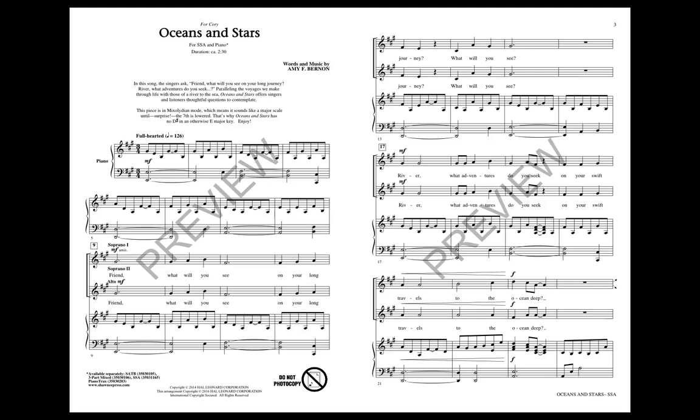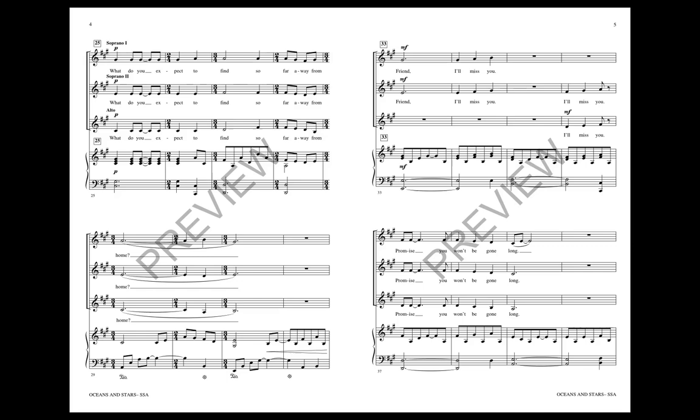Friend, what will you see on your long journey? What will you see, river? What adventures do you seek on your swift travels to the ocean deep? What do you expect to find so far away from home?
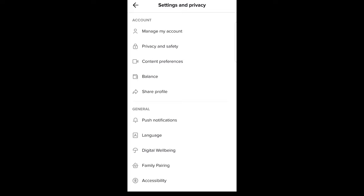First one is account section, second one is general section. Here you will see at the very top, first option: manage my account.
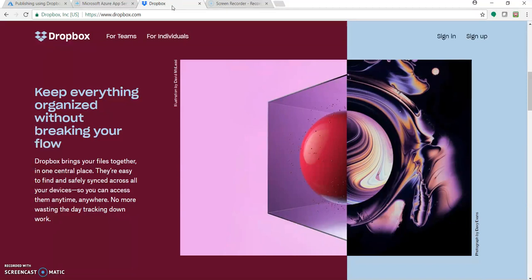I want to let you all know that I'm not an affiliate member of Dropbox. It's just because Microsoft Azure has this as a deployment option that I am making this video. You can explore more about Dropbox at dropbox.com. You can get a free account with something around 2 GB of free space, which is enough for our website.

***

> _Work to complete_
The pictures are not wanted, but every line of the listing should be duplicated exactly.

> _Solution to the exercise_
Friend, what will you see on your long journey? What will you see, river? What adventures do you seek on your swift travels to the ocean deep? What do you expect to find so far away from home?
First one is account section, second one is general section. Here you will see at the very top, first option: manage my account.
I want to let you all know that I'm not an affiliate member of Dropbox. It's just because Microsoft Azure has this as a deployment option that I am making this video. You can explore more about Dropbox at dropbox.com. You can get a free account with something around 2 GB of free space, which is enough for our website.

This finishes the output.